I recently tested switching to Qt's plain text editor, which allows for no formatting at all, and therefore uses a significantly simpler text layout engine under the hood. The rest of the editor behaves the same. I found this editor setup to be significantly faster without the large text scaling issues of the rich text editor when accessed from Python.
I'm testing this out now in the branch that will eventually be release 2.2 (so not the upcoming release). I have been able to not only successfully apply line height settings other than the default, but also allow full spell checking for very large documents. I've removed the large document limit setting the user can define, and the hard cap of 5 MB of text per document.
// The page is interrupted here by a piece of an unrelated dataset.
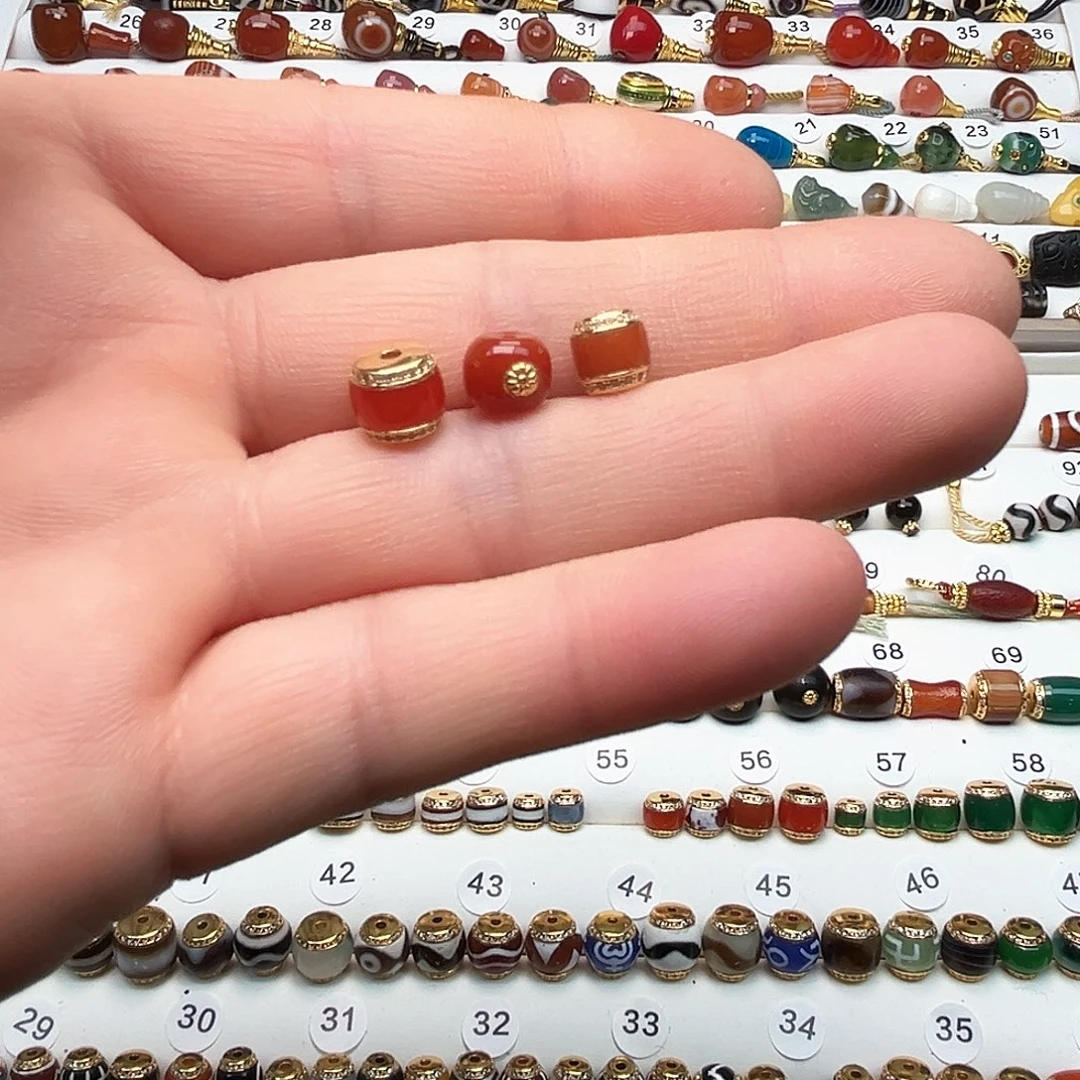 德***硕玛瑙/玉髓未镶嵌颈饰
The only downside is the lack of smooth scrolling (it scrolls line-by-line), which also affects the "typewriter scrolling" mode. I think it is worth it.
Anyway, I'm therefore re-opening this issue, and scheduling it for the 2.2 Beta release,
Well, that attempt was short lived. The layout engine for plain text ignores the line height setting completely, see QTBUG-51891. So, until the issue is fixed, we're back to square one here.
I'll leave the issue open though for future reference, and in case it is resolved. If a fix is implemented into a Qt 5.15 LTS release, I'll add the feature.